• _AIM OF THE TASK_
Write out the stretch of lines below that begins at the line with "Shop Etro Nylon Printed Shirt In Yellow" and ends at the line with "One-Piece Swimsuit with", including both, exactly as given and nothing more.

• _DATA SUPPLIED_
#####

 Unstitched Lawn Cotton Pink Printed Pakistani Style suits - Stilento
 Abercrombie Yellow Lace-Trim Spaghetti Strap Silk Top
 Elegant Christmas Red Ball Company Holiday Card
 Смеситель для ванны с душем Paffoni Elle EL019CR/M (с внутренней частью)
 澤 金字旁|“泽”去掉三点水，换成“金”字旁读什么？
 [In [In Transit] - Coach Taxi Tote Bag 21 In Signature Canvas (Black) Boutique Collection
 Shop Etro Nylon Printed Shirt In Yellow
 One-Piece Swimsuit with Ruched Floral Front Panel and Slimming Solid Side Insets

#####

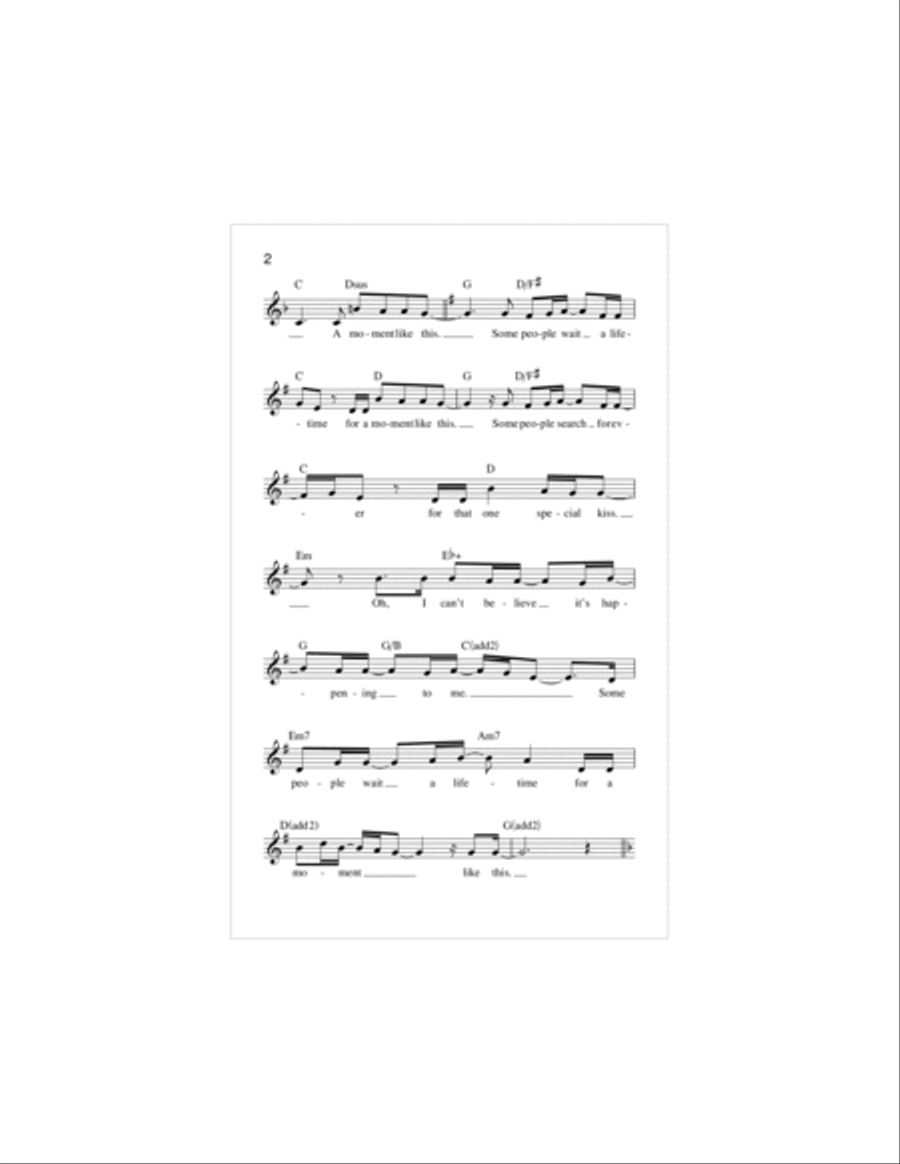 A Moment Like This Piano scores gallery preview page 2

#####

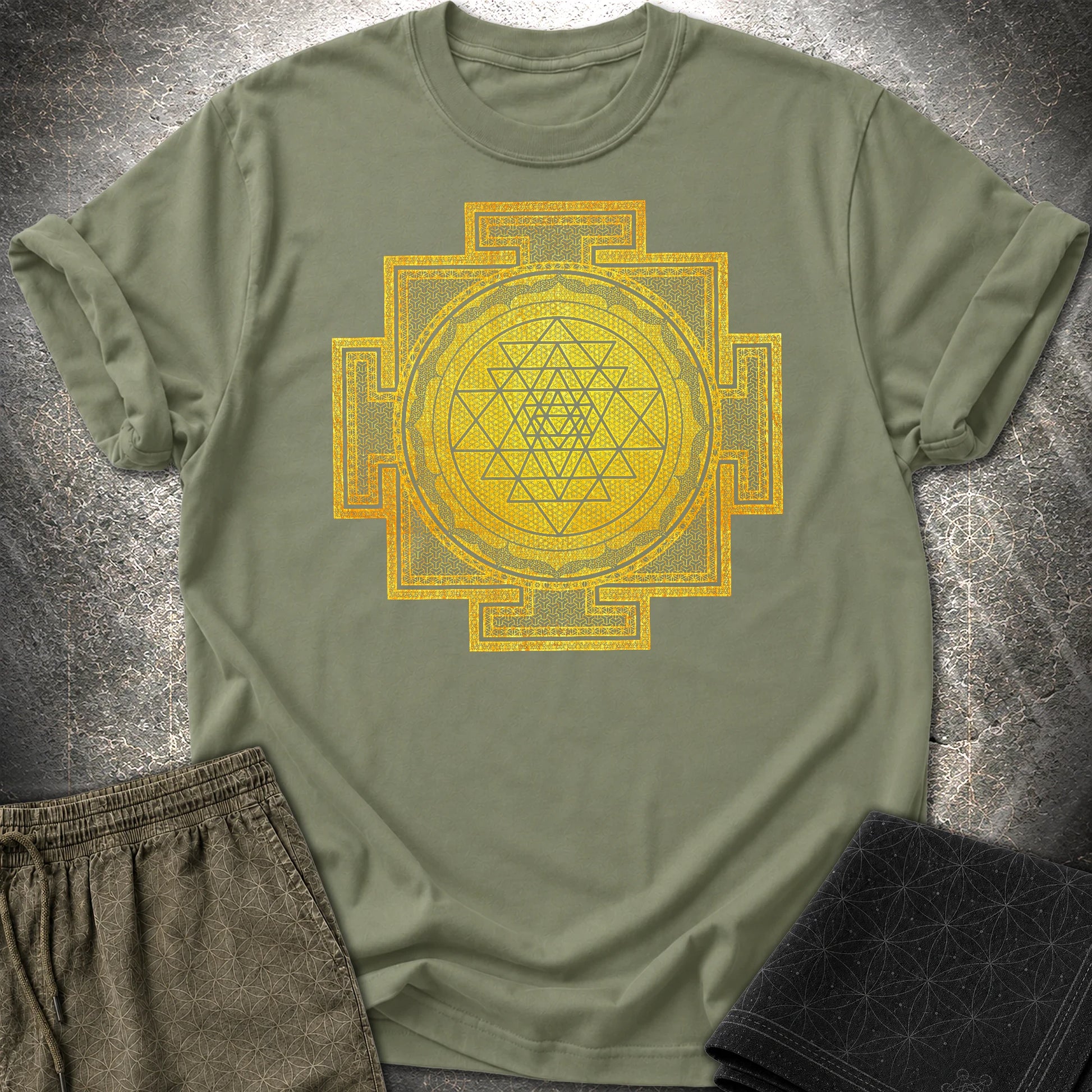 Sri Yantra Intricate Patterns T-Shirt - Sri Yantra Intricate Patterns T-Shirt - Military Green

#####

• _ANSWER SECTION_
 Shop Etro Nylon Printed Shirt In Yellow
 One-Piece Swimsuit with Ruched Floral Front Panel and Slimming Solid Side Insets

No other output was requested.